Brief =
Transcribe only part of the material below: the lines from the one containing "Colorific Clouds Modern" through the one containing "Rollable Stainless Steel", inclusive, exactly as written.

Given information =
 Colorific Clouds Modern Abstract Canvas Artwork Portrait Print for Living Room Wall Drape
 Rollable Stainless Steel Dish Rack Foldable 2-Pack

---

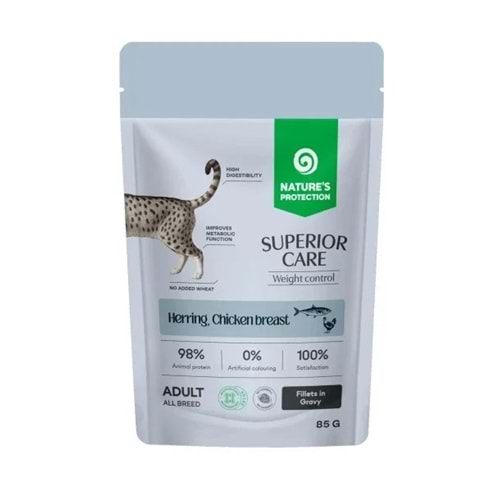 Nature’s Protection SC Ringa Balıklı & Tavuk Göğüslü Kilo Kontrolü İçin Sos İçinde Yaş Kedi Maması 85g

--

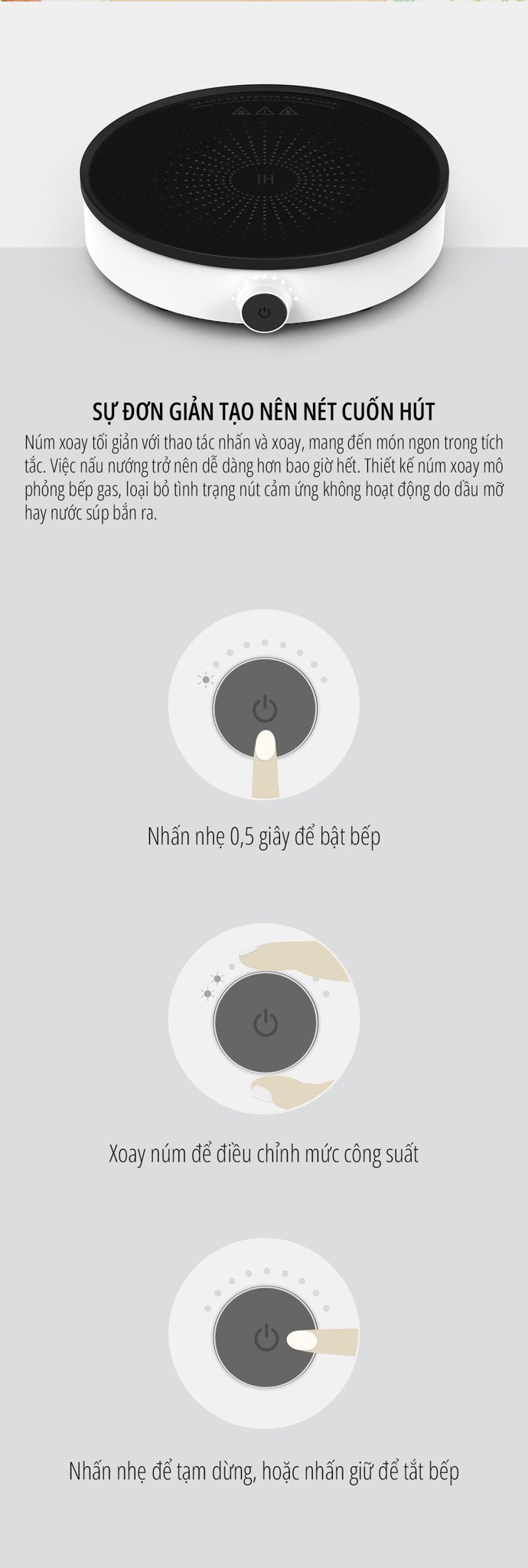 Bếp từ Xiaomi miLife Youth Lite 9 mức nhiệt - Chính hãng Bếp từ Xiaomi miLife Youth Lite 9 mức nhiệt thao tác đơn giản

Answer below =
 Colorific Clouds Modern Abstract Canvas Artwork Portrait Print for Living Room Wall Drape
 Rollable Stainless Steel Dish Rack Foldable 2-Pack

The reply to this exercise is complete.